ワーグナー:楽劇「ニーベルングの指輪」序夜「ラインの黄金」
指揮:ジェームズ・レヴァイン、演出(production):ロベール・ルパージュ
ブリン・ターフェル(ウォータン)、ステファニー・ブライス(フリッカ)、エリック・オーウェンス(アルベリッヒ)、リチャード・クロフト(ローゲ)、ゲルハルト・ジーゲル(ミーメ)、ウェンディ・ブリン・ハーマー(フライア)
2010年10月9日 ニューヨーク メトロポリタン歌劇場
2011年10月WOWOWの放送
指輪四部作のうち、ワルキューレは確か実演で一回、ビデオでも何回か見ているが、この「ラインの黄金」は、それほど見ていない。もっとも録音だけなら何度も聴いているから、追っていくのにそれほど苦労はない。
それでもこうして良い画質で見ると、この作品はワーグナーの世界観、人間観を明確に語っているものだということが、如実にわかる。
それは、歌手たちのたっぷりした声量と明解な歌唱、そして指揮者レヴァインの練達によるところも大きいが、今回は何といっても演出のルパージュだ。
ルパージュの演出は先の「夜鳴きうぐいす」(ストラヴィンスキー)で驚かされ、彼は「シルク・ド・ソレイユ」などで大変評判な人ということも初めて知ったのだが、これは演劇に詳しくない私としてはしょうがない。
クレジットでルパージュはディレクションではなくプロダクションとなっている。オペラで一般にどういうのかは知らないが、舞台の装置、照明など、全体のコンセプトが斬新で、これはプロダクションというにふさわしい。

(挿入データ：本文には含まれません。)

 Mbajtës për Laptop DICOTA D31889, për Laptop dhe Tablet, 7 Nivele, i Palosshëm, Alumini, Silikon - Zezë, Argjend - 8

とはいえ、シンプルといえばシンプルで、あまり具象的な装置、衣裳よりは、少なくともワーグナーの場合、こうした抽象的な、観る者に受容を委ねるやり方の方が、私は好きである。
特に、舞台の床が傾き、またその下で小さい球状の石が動き、またそれが照明でさまざまな効果をあげているところ、ラインの乙女たちの動き、巨人たち、地底の労働者など、床の高低とその見かけをうまく利用するところは「夜鳴きうぐいす」とも共通する。
宙吊りも使うから、歌手によっては大変だが、メトロポリタンだからか、彼らも楽しそうにこなしているようだ。
そして最後の「ワルハラ城」への入場で、またあっといわせる。
歌手ではなんといってもブリン・ターフェルが注目のまとで、最初はちょっと力強すぎるかなとも感じたが、「ラインの黄金」ならまだ若々しいウォータンでもいいだろう。
アルベリッヒのエリック・オーウェンス、四部作の後の方を考えれば、なかなかへこたれそうにない悪役ぶりはぴったり、リチャード・クロフトのローゲはもう少しクレバーさがほしい。
フリッカなどを含めてみかけは全体にちょっと太りすぎではないかと、思う。いくらワーグナーでも。
レヴァインの指揮によるオーケストラは見事なものだが、このあとの不吉な結果を予感させる一部のライトモチーフの音色には、もう少し暗さがほしかった。
一番の心配はカーテンコールに出てきたレヴァインの状態で、まともに歩けるのだろうか。以前からそういう情報はあって、やはり肥満が原因か。2011年には第一夜「ワルキューレ」を振っているからそれはいいとして、あと二つ無事に指揮してほしいものである。